Implementation Details

This page covers specific implementation details of the FluxNet components.

Adaptive Degree Scaling

The adaptive degree scaling is implemented in the CKGConv class with two learnable parameters:

  • theta1: Scaling factor for the aggregated messages
  • theta2: Scaling factor for the degree-adjusted messages

The scaling is applied as:

out = out * self.theta1 + deg_sqrt * (out * self.theta2)

where deg_sqrt is the square root of the node degrees.

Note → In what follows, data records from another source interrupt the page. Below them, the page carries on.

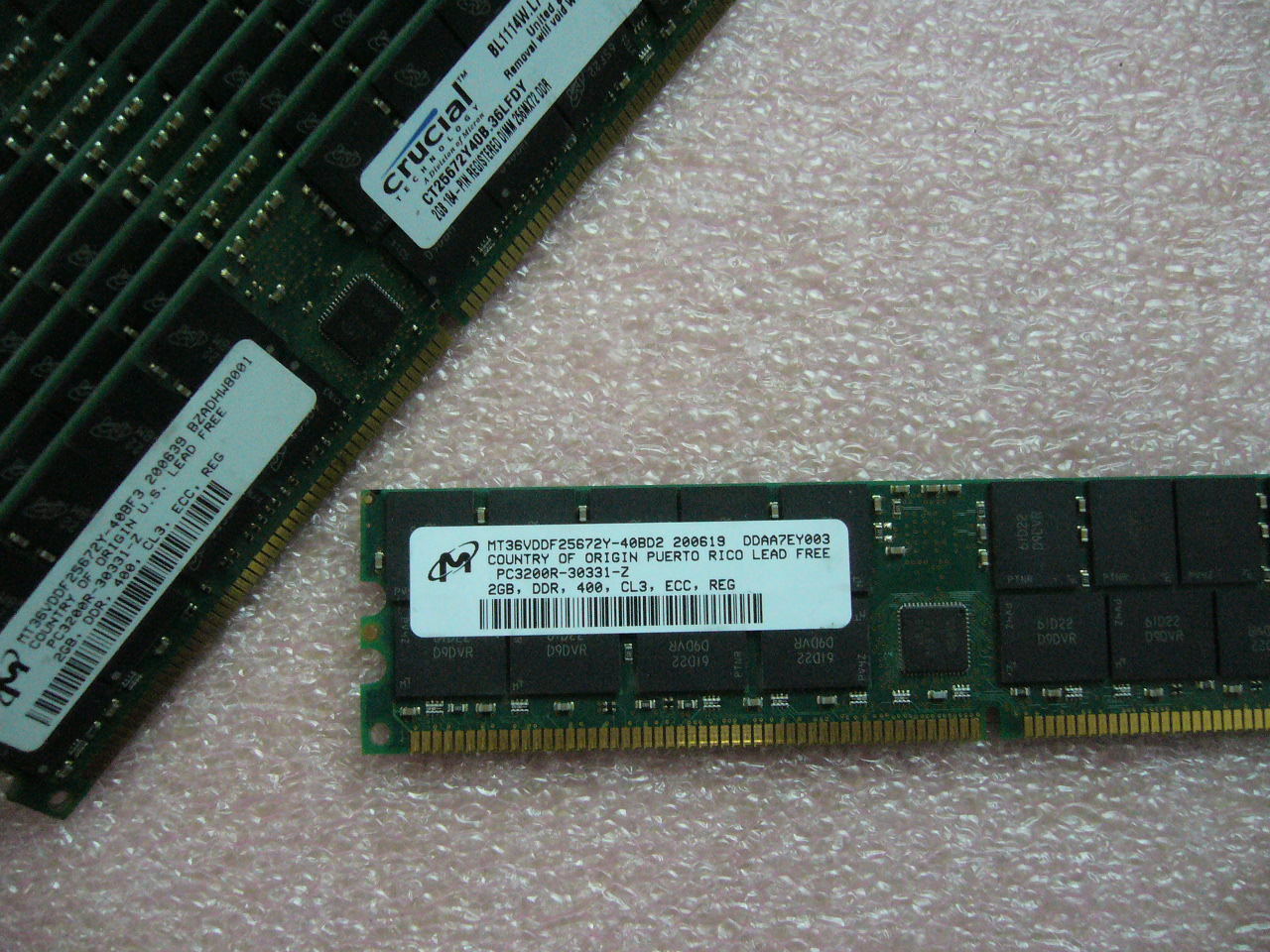 1x 2GB Micro Technology DDR PC-3200R 400Mhz CL3 ECC Registered Server memory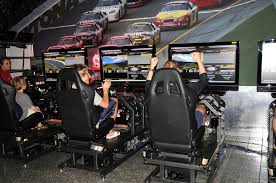 The city of daytona littoral in florida was the birthplace of the stock. Daytona International Speedway Daytona 500 Experience Racing Simulator Florida S East Coast Geography Im Austria Forum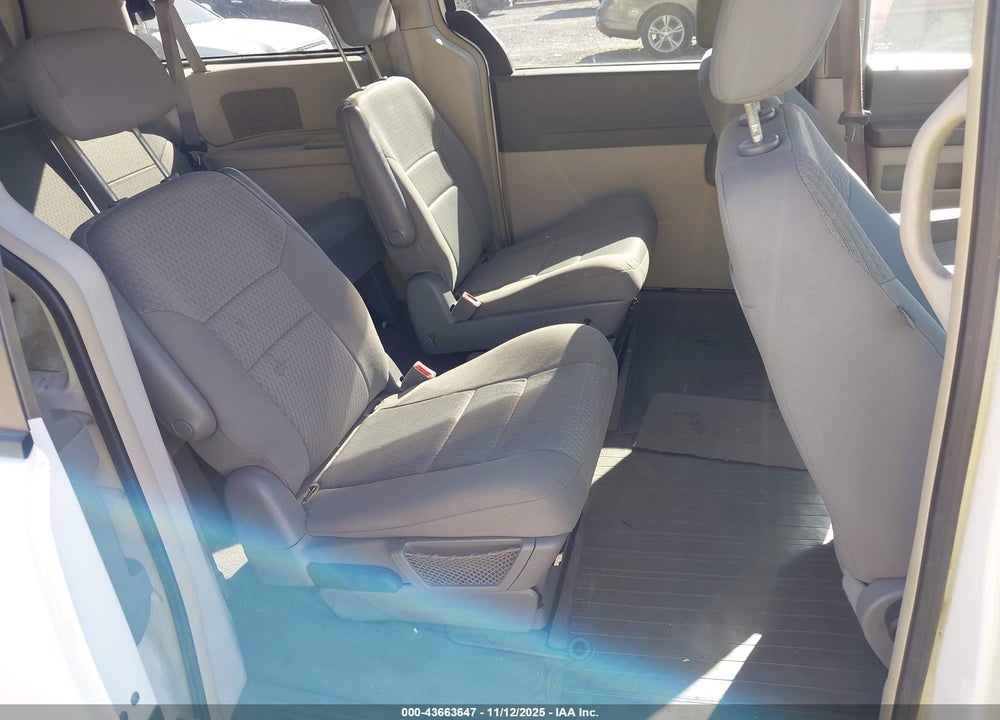 2008 CHRYSLER TOWN & COUNTRY LX VIN: 2A8HR44H98R743735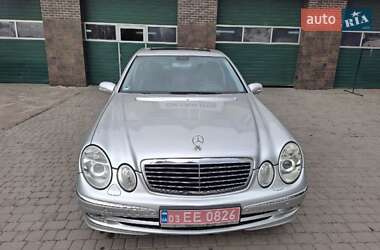 Седан Mercedes-Benz E-Class 2004 в 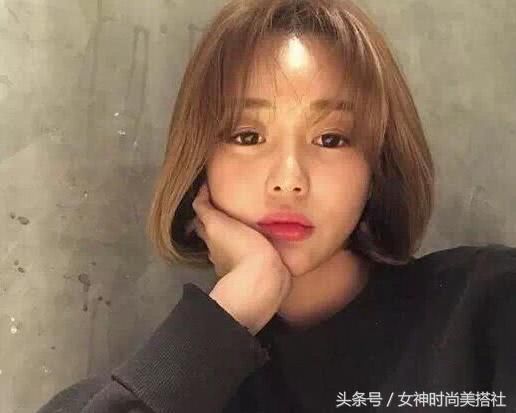 大脸女生不敢剪短发?这3款“发型”真不要太适合!显得脸小还时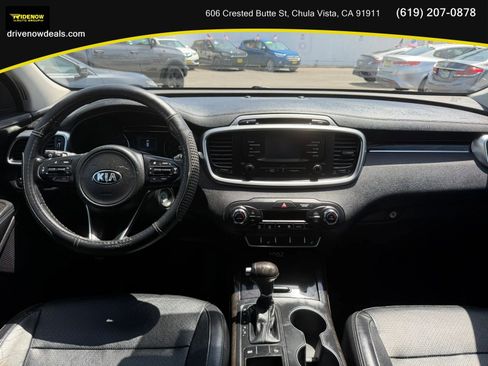 Used 2016 Kia Sorento EX FWD image 18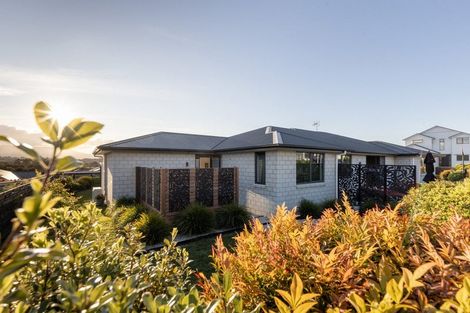 Photo of property in 1 Anglers Way, Omokoroa, 3114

This mechanism helps the model adapt to graphs with varying node degrees by applying different weightings to node features based on their connectivity patterns.

Normalization Options

The FluxNet class supports multiple normalization types:

Type Implementation Description
batch BatchNorm1d Normalizes across batch dimension
layer LayerNorm Normalizes across feature dimension
instance InstanceNorm1d Normalizes each instance independently
none Identity No normalization is applied

When to use each type:

  • BatchNorm: Good for large batch sizes and when data distribution is consistent
  • LayerNorm: Better for varying input distributions or when batch size is small
  • InstanceNorm: Helpful for graph data where each graph can have very different distributions
  • None: When you want to avoid any normalization, e.g., for debugging

GAT Attention

The GATv2 attention mechanism is implemented using PyTorch Geometric’s GATv2Conv class with:

  • Multi-head attention (default: 4 heads)
  • Edge feature integration
  • Non-concatenated output (heads are averaged)

Differences from GAT:

GATv2Conv is an improvement over the original GAT attention mechanism with:

  1. Dynamic attention computation (addresses the static attention problem)
  2. Better expressive power
  3. Generally improved performance on graph tasks

Feed-Forward Network

The feed-forward network follows a typical design:

  • Expansion layer: out_channelsffn_hidden_dim
  • GELU activation: Non-linear transformation
  • Dropout: Regularization
  • Contraction layer: ffn_hidden_dimout_channels

By default, ffn_hidden_dim is set to 4 times the output dimension, which is a common practice in transformer architectures.